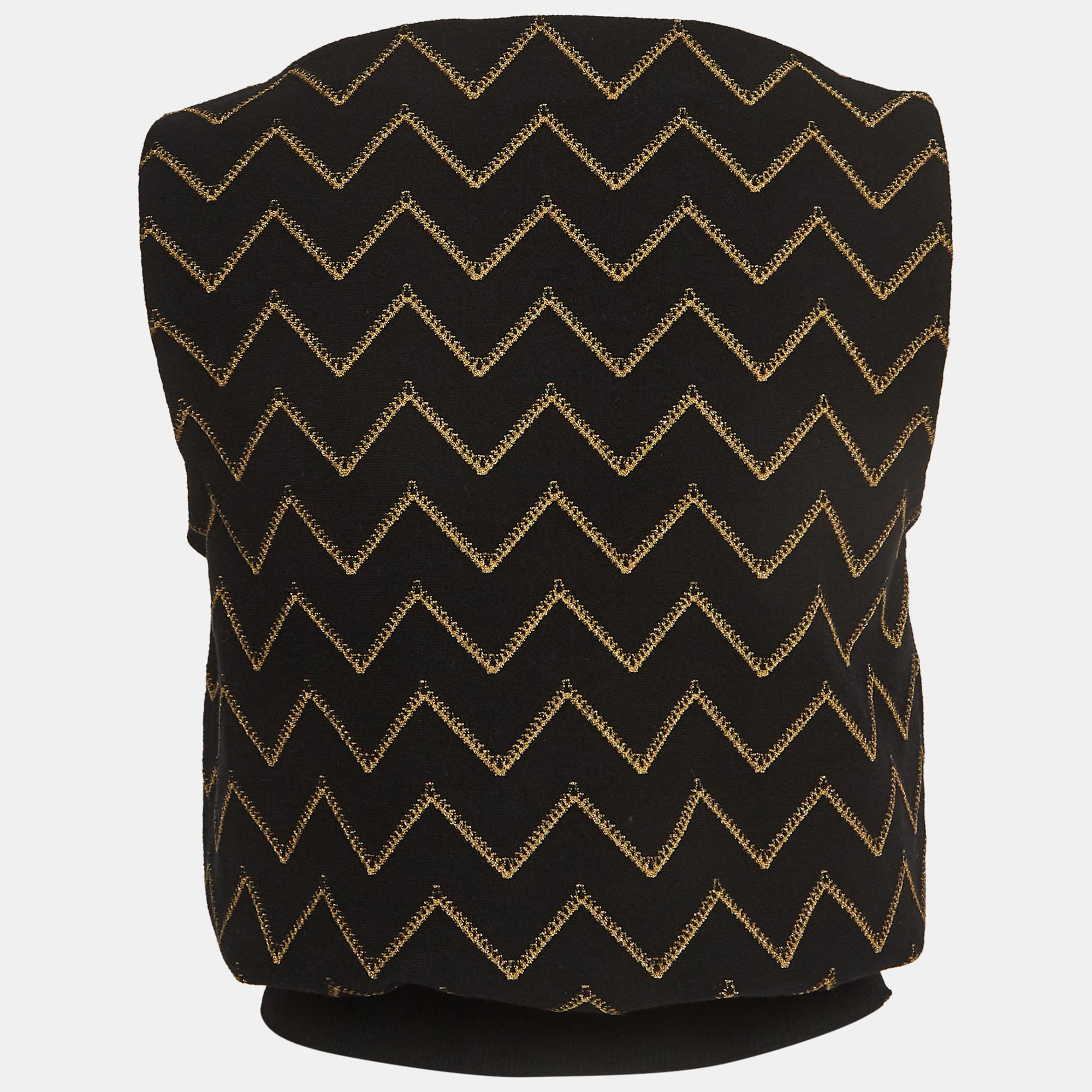 Introducing the Alaia vest, a stunning addition to your wardrobe. Crafted with meticulous detail, its intricate chevron pattern in black and gold exudes timeless charm. The lurex knit adds a touch of glamour, making it perfect for both casual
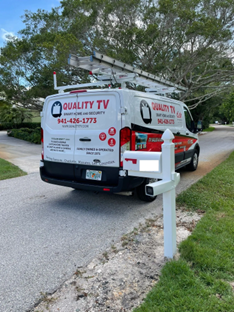 Quality TV Smart Home and Security service van on a residential street during home security camera and smart home installation in Florida. Quality TV Smart Home and Security service van on a residential street during home security camera and smart home installation in Florida.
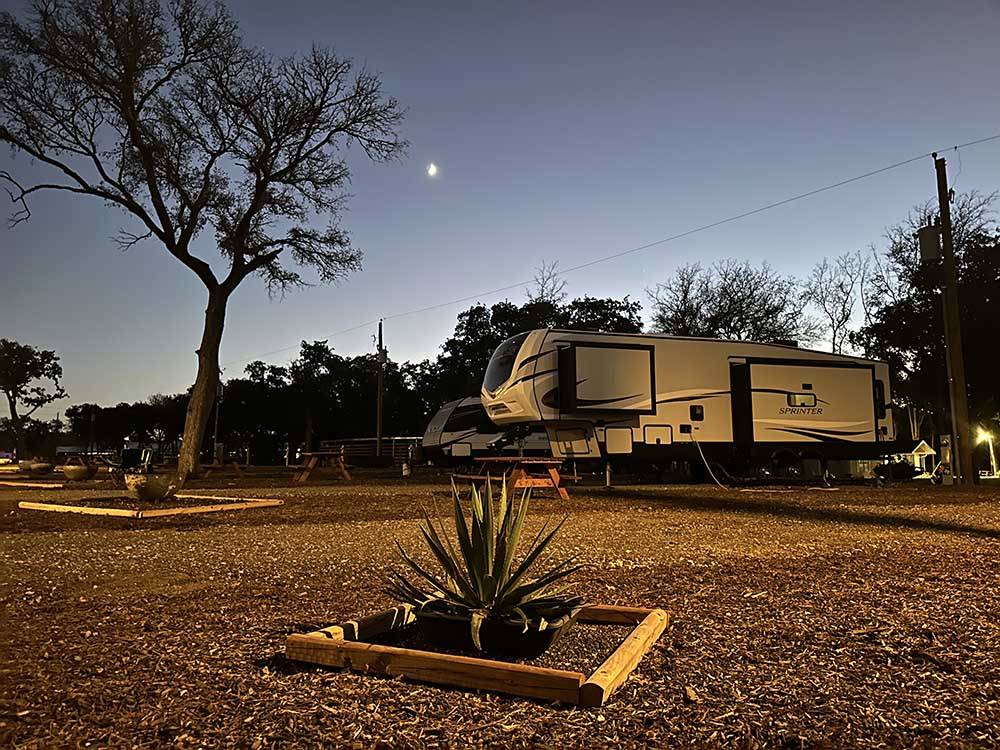 Trailers parked in sites at night at STARRY NIGHT RV RESORT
##############################
Return exactly the lines from the line with "in Florida. Quality" through the last line of the data above, both included; pictures do not go in the answer.

 Quality TV Smart Home and Security service van on a residential street during home security camera and smart home installation in Florida. Quality TV Smart Home and Security service van on a residential street during home security camera and smart home installation in Florida.
 Trailers parked in sites at night at STARRY NIGHT RV RESORT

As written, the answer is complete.